_Brief_.
In the entries that follow, the lines from the line containing "de PageSpeed ​​Insights." up to and including the line containing "Volteo Content Strategy." must be copied exactly, with pictures omitted.

_Extracted entries_.
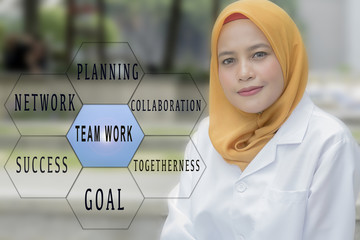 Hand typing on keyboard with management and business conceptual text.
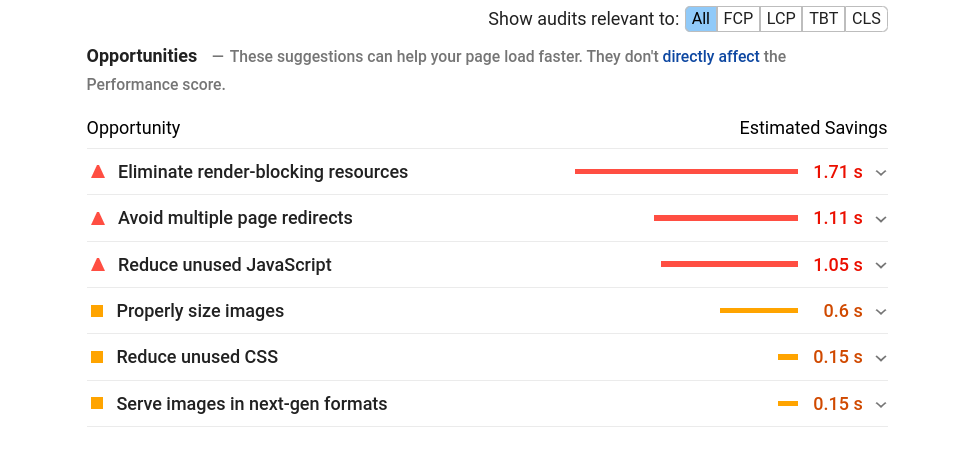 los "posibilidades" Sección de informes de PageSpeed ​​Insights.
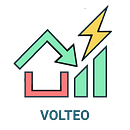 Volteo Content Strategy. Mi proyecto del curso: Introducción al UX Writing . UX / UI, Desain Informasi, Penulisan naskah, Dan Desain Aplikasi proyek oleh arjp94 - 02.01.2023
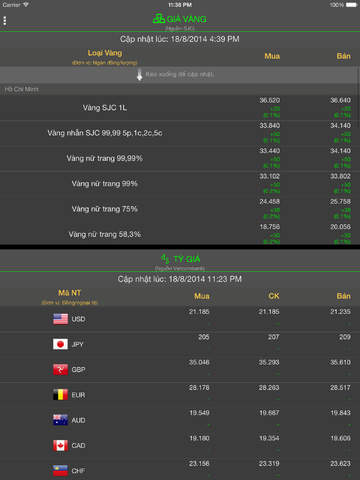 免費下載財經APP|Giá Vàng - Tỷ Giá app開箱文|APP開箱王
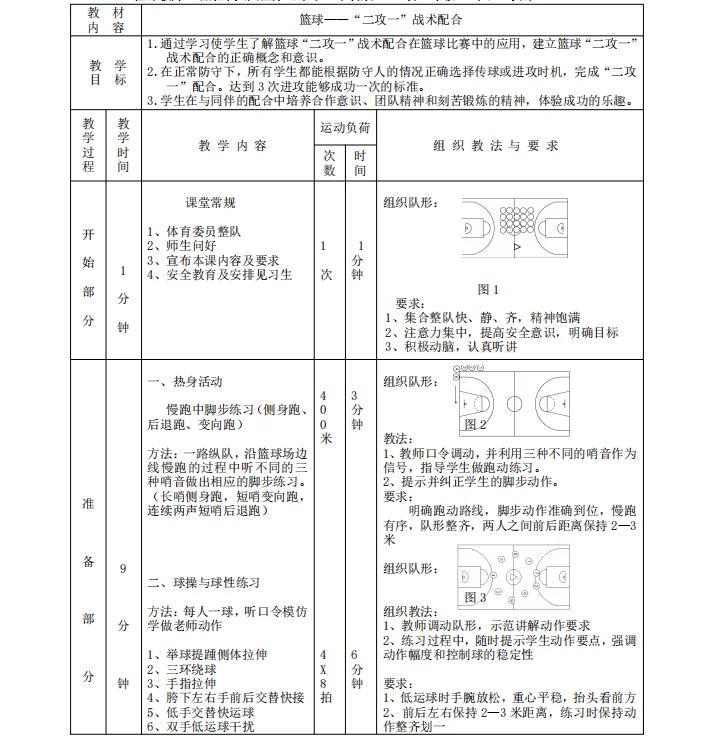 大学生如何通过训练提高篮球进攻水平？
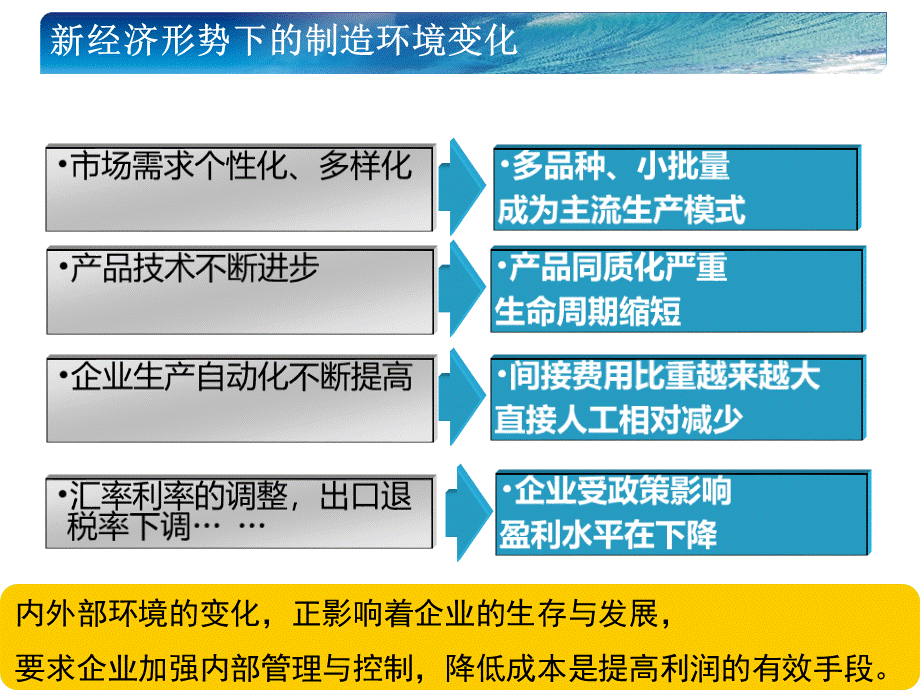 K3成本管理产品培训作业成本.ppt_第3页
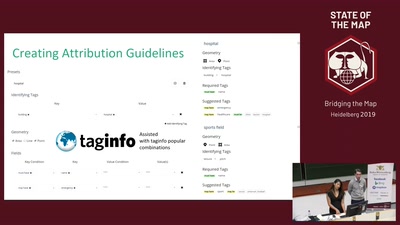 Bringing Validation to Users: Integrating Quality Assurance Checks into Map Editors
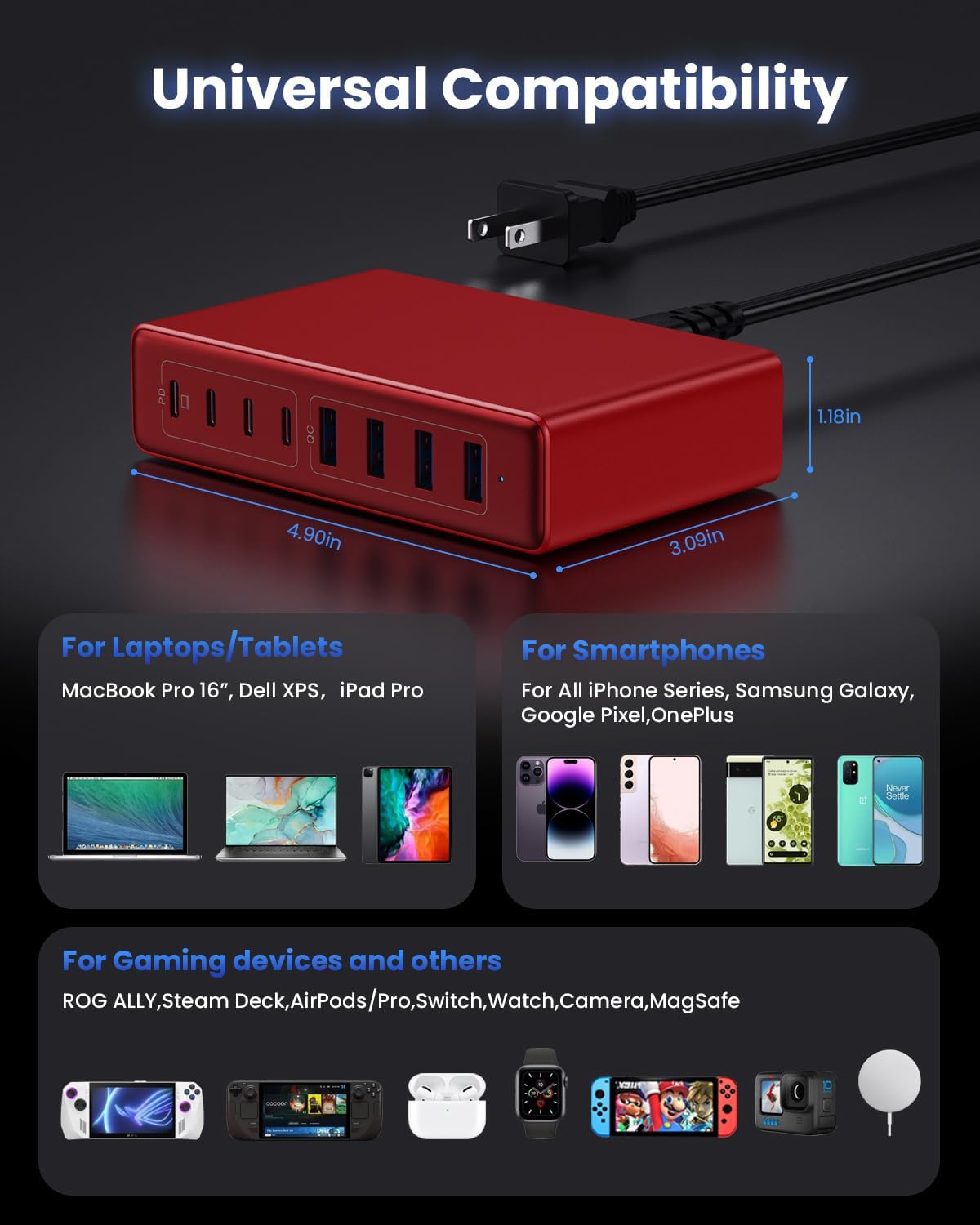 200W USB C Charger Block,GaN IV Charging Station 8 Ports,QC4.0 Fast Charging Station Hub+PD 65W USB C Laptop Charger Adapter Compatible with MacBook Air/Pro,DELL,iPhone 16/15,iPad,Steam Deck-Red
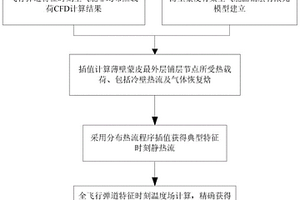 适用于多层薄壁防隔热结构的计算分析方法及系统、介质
==
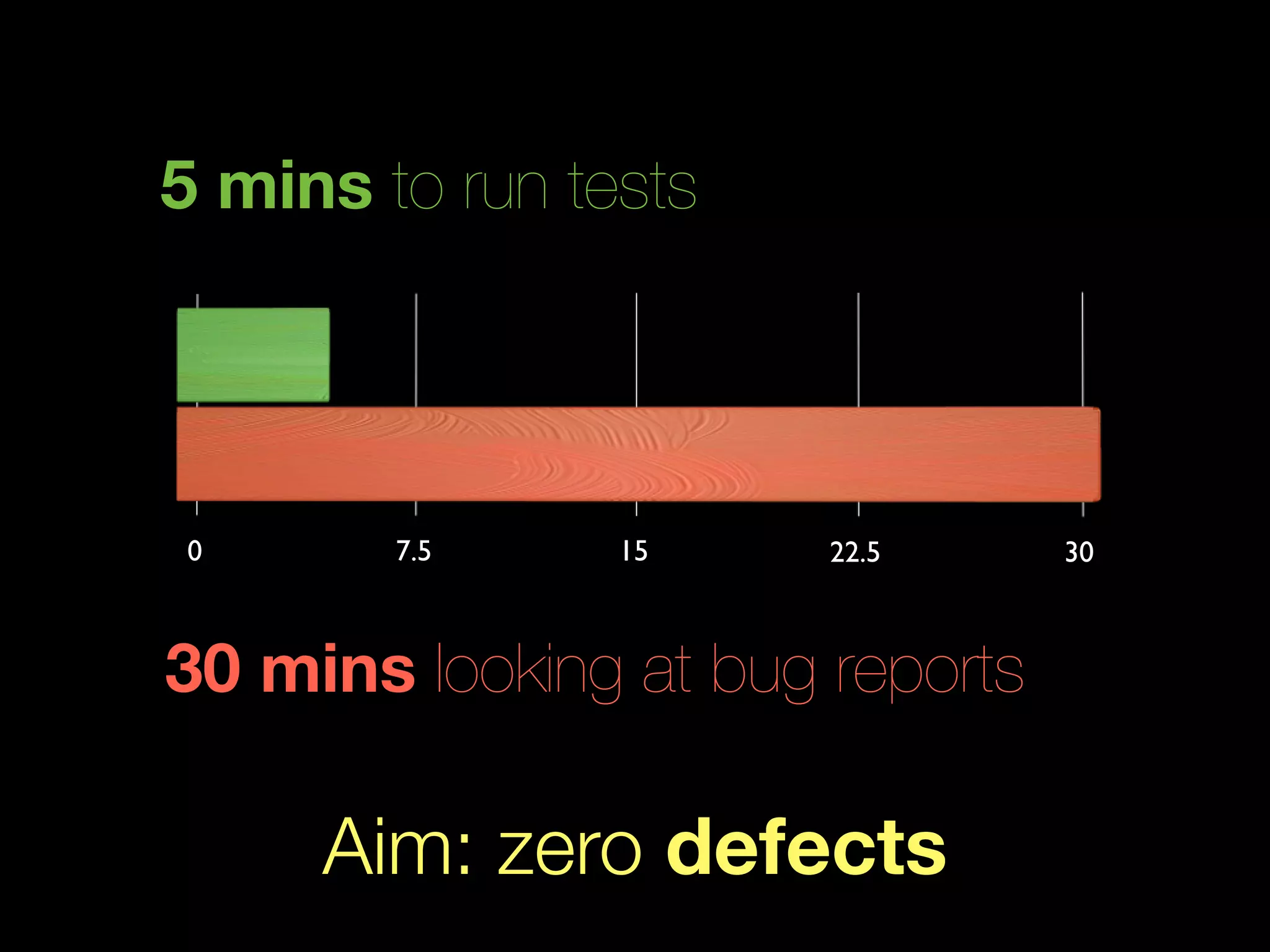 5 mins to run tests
--
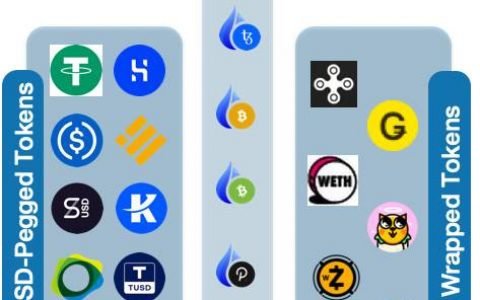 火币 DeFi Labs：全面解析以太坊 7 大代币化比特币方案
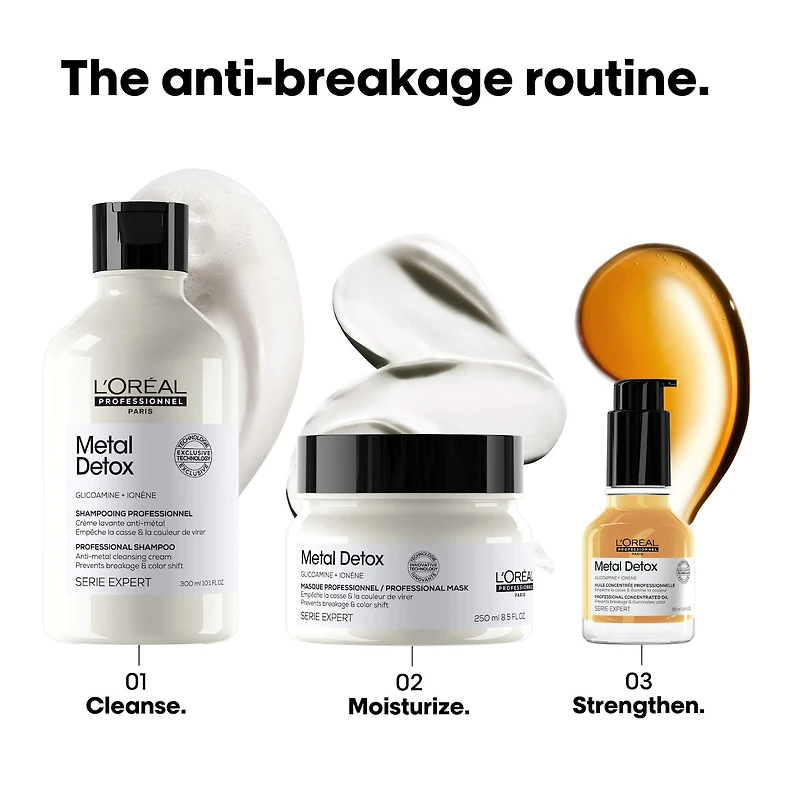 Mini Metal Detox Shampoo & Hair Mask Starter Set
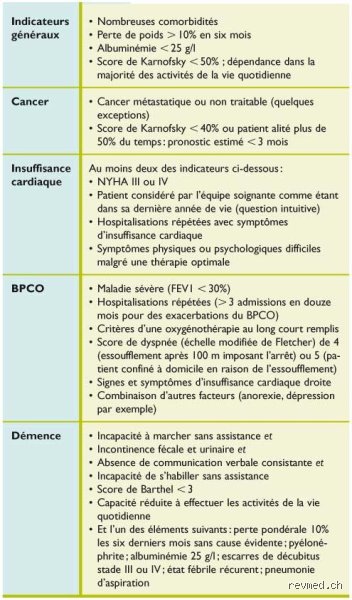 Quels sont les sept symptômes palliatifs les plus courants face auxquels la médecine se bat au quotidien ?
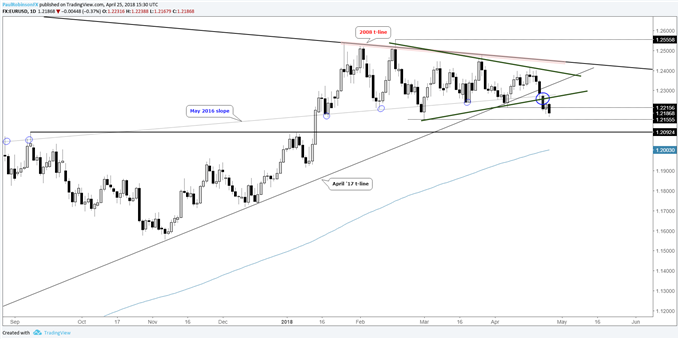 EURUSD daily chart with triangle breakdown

_Answer area_.
 los "posibilidades" Sección de informes de PageSpeed ​​Insights.
 Volteo Content Strategy. Mi proyecto del curso: Introducción al UX Writing . UX / UI, Desain Informasi, Penulisan naskah, Dan Desain Aplikasi proyek oleh arjp94 - 02.01.2023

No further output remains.